# [Exercise brief]
Using the records below, transcribe word for word the stretch from the line that contains "Big fan of these widgets - Aman Ansari" through the line that contains "Barbadian vs Indonesian", both end lines included, and nothing else.

# [Provided records]
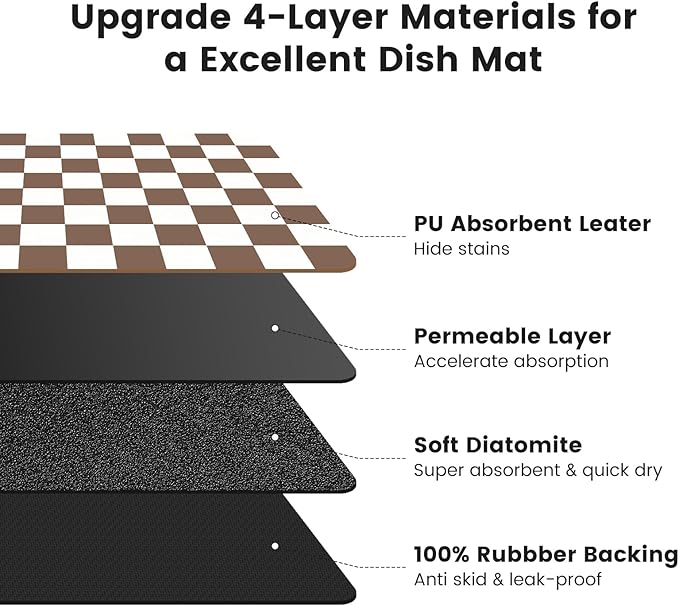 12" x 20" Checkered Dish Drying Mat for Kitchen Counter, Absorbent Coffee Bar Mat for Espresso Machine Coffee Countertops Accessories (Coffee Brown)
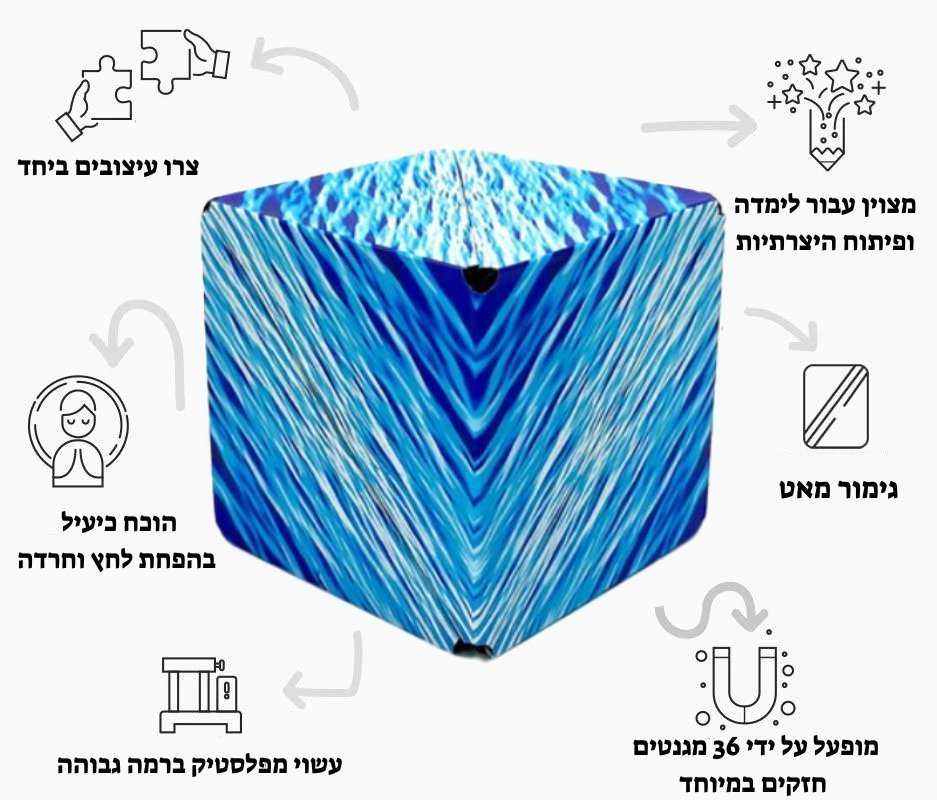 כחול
* * *
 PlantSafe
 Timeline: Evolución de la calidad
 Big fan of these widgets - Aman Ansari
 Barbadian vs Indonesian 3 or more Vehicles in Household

# [Your solution]
 Big fan of these widgets - Aman Ansari
 Barbadian vs Indonesian 3 or more Vehicles in Household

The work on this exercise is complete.